[Stored entries]
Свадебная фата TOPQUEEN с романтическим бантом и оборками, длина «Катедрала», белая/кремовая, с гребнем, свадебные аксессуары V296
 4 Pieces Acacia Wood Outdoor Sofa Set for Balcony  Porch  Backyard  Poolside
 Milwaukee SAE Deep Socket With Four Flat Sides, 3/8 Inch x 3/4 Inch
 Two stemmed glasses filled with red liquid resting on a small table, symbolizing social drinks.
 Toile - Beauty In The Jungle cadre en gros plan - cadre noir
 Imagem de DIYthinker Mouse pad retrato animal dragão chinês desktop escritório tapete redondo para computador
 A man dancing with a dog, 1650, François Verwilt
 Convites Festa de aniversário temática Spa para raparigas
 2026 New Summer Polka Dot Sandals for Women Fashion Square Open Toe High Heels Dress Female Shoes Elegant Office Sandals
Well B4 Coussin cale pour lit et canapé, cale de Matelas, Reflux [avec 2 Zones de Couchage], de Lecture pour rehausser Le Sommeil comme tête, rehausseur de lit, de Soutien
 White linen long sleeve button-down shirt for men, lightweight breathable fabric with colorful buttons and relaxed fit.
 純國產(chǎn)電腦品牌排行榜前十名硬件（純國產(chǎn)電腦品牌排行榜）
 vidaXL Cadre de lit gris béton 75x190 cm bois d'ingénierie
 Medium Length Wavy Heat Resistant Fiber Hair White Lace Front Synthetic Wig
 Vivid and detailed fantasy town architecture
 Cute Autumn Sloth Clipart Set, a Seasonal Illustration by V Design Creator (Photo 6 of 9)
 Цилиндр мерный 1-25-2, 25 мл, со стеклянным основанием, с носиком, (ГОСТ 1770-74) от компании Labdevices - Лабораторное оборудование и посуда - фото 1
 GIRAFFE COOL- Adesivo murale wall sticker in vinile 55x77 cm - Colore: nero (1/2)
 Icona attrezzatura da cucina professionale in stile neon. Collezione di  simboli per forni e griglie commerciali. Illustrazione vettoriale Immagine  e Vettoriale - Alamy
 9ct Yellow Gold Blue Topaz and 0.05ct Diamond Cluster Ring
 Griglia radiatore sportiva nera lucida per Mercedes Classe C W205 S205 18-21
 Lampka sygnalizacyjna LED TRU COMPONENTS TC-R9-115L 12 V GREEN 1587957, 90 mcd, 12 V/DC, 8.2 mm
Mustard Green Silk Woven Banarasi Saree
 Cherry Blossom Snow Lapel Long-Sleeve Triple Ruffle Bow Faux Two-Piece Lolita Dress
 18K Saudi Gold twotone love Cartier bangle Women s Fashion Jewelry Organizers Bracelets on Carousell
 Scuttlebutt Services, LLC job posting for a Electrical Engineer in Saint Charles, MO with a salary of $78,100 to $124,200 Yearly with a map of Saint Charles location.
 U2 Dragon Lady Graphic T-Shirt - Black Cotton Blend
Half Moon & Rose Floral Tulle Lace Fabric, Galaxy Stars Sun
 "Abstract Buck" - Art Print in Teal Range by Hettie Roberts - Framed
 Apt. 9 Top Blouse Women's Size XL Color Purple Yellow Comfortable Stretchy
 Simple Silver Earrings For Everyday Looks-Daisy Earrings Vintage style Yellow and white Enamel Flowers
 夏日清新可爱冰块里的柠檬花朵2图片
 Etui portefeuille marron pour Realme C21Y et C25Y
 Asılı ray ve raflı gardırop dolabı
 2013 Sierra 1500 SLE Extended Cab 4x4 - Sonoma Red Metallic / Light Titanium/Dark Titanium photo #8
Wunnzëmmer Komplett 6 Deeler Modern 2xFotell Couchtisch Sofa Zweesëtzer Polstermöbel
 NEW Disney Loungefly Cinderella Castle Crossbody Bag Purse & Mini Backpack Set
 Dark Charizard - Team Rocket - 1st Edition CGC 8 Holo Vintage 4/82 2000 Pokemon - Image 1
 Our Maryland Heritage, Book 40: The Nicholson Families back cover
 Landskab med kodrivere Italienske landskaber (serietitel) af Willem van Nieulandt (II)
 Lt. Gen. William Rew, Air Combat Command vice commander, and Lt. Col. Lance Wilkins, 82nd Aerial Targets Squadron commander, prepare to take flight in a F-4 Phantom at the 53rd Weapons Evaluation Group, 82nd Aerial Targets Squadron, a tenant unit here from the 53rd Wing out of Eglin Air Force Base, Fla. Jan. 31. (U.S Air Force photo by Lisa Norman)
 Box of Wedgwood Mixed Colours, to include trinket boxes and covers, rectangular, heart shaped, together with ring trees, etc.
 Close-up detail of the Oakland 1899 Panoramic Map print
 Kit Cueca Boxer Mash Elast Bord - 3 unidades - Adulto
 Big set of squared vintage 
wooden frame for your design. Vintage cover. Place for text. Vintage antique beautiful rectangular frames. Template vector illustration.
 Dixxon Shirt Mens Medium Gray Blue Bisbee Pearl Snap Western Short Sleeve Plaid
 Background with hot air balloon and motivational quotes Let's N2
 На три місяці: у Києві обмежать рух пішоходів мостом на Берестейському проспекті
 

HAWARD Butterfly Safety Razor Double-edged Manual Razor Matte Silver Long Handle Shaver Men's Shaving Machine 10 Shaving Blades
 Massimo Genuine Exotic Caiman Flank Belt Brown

▶ [Activity]:
Search the entries for the word "rectangular", then list each line that holds it.

▶ [Task answer]:
 Box of Wedgwood Mixed Colours, to include trinket boxes and covers, rectangular, heart shaped, together with ring trees, etc.
wooden frame for your design. Vintage cover. Place for text. Vintage antique beautiful rectangular frames. Template vector illustration.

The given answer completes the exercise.